14 Jan: Oncley & Militzer

Purpose: Fix TRH which died yesterday about 10AM (and no one caught :( )

1728: remove housing and old sensor (#17)

1730: NESW photos taken

1733: install new sensor (#28) using grease on contacts

1734: housing back on

Fan sounds fine during this process

eslope5 site visit

14 Jan: Militzer & Oncley

Purpose: fix rad.mote which died at 8:30 this morning (with Vmote = 12.5V)

(Huge funeral going on)

1415: Mote blinking normally; voltage okay; correct ?ID; not being receieved.  Cycled power, which reset Xbee and all now okay.  Local data store probably is okay. Would base mote reset (initiate with "eio 6 0/1") have solved this problem?

1420: Took NESW photos

1424: wipe off radiometers (just a few drops on uplooking domes); .outs dessicant looked good -- didn't check .ins. (just replaced 2-3 days ago)

kv = 2.0, so just fine.

TRH fan seems happy.

hiland3 site visit

14 Jan: Militer, Oncley

Purpose: radiometers were covered earlier, want to check that all is well; also check ETI

Excellent snowball snow (unconfirmed) -- grass clear of snow for part of walk to station.
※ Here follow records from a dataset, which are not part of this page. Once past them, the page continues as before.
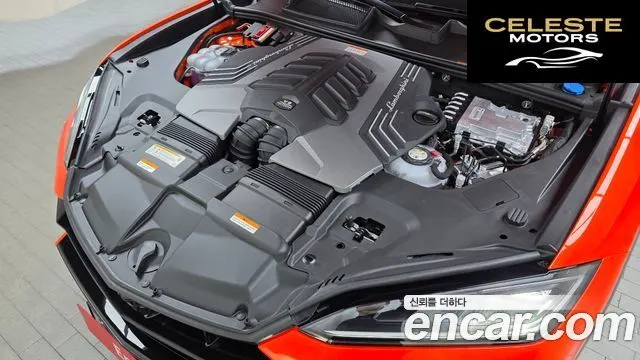 LAMBORGHINI Urus 4.0 V8 SE 2025 — photo 6 sur 20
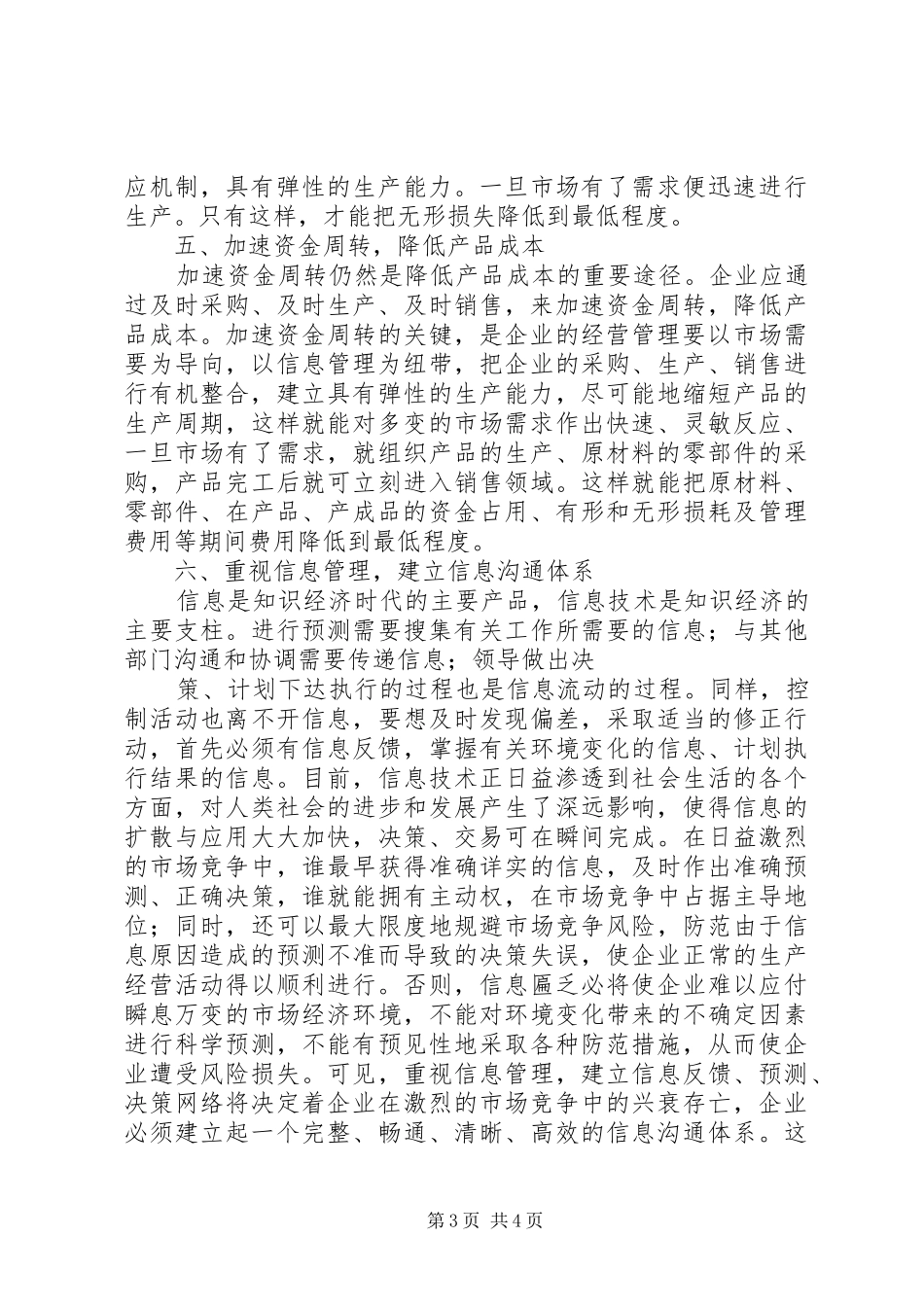 现代企业规章制度下降低成本的途径_第3页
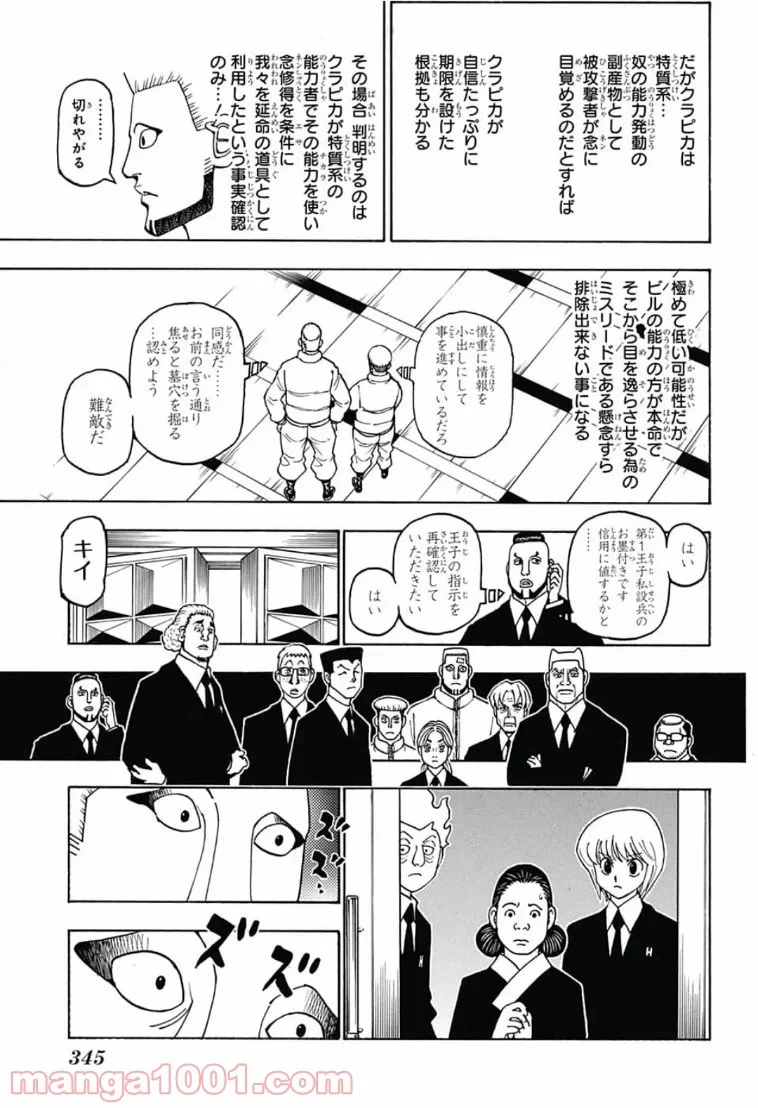HUNTER X HUNTER 第388話 - 3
1346: ETI gauge all liquid; no fluid needed or added

1348-1350: A few drops of water on Rsw.in and water in Rlw.out shield, but otherwise fine.  Wipe-off radiometers with residual water.  All dessicants nice and blue.

Daily status 14 Jan

Daily status 14 Jan 2011
On site: Militzer, Oncley (back again)

Another snow last night and low overcast in morning.

Summary:
    - Playa1 developed a memory issue yesterday and crashed at 4pm.  Rebooted this morning, but there are no data
       from last night.
    - "flux" computer in base was sluggish -- dsm_server died yesterday about 2pm.  Rebooted and servers restarted.
    - All kryptons read low values last night (must be because Oncley is now here).
    - 3Batteries Stn1,3,5,6;  Insulation added to all.
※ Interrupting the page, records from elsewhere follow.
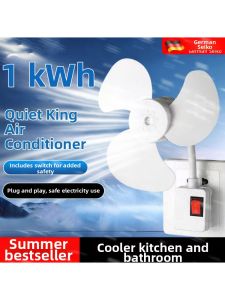 MENGYUXI | Plug-in Wall Fan Portable For Kitchen And Bathroom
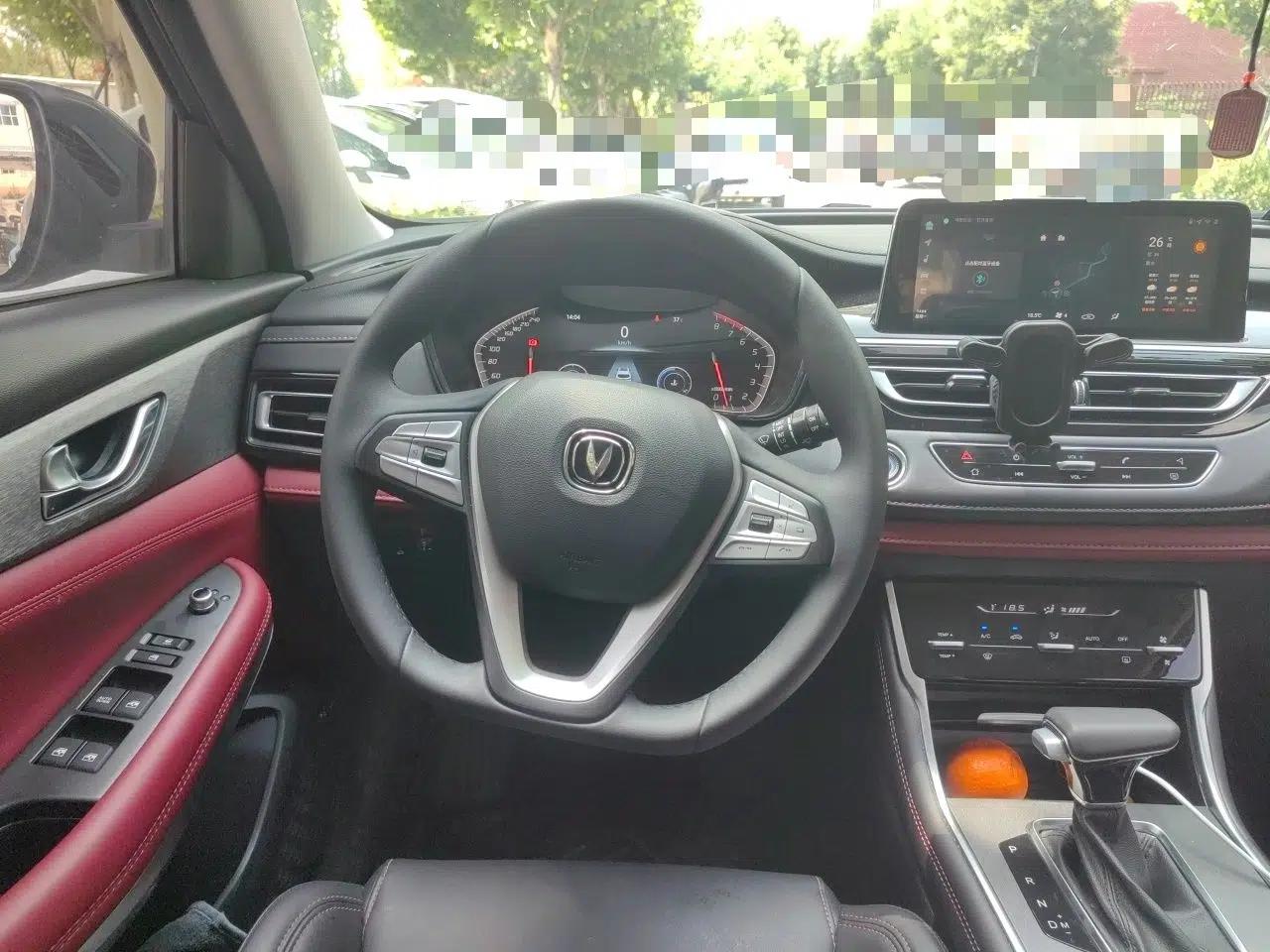 CHANGAN CS75 2023 Enjoy Edition 1.5T DCT Luxury Version — миниатюра 10
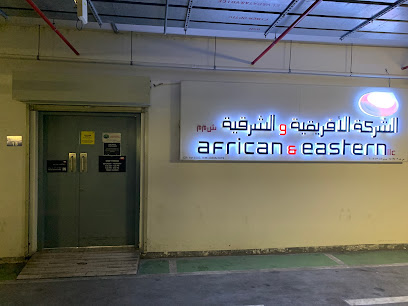 African + Eastern - Novotel Muscat - Muscat - +968 24 510135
Vdsm: ok, lowest values still at 7.   Overall 12.2-12.4V.
Vmote.rad: ok.
Vmote.soil(aux): ok. lowest is eslope main

Current Conditions:

P: ok 845 to 885 mb, rising.
T: ok -4 to +1 degC
RH: Currently 60-100%. All >90% last night.
Rainr (3,4,6):  Totals 2.8, 1.8, 1.0mm, respectively, last night
Spd (1,6): ok.
Dir (1,6): ok.

csat diag: ok (slightly surprising, given snow, but playa1 sonic was clear of snow this morning)
samples.sonic: ok
spd: ok, Generally <2 m/s overnight.
dir: ok, most stations west
u'u': ok, max 1.0 m2/s2 higher variations 5&6
v'v': ok, max 1.0 m2/s2
w'w': ok, max 0.4 m2/s2
u*: ok, max 0.5 m/s
sigma_w/u*: 6&7 have the same excursions even below 1 (perhaps real?)

tc: ok, -4 to +2 degC.
tc'tc': ok max 2.2 degC; large values at 5&6
w'tc': ok, -0.06 to 0.06 m/s degC; large overnight negative values at 5&6.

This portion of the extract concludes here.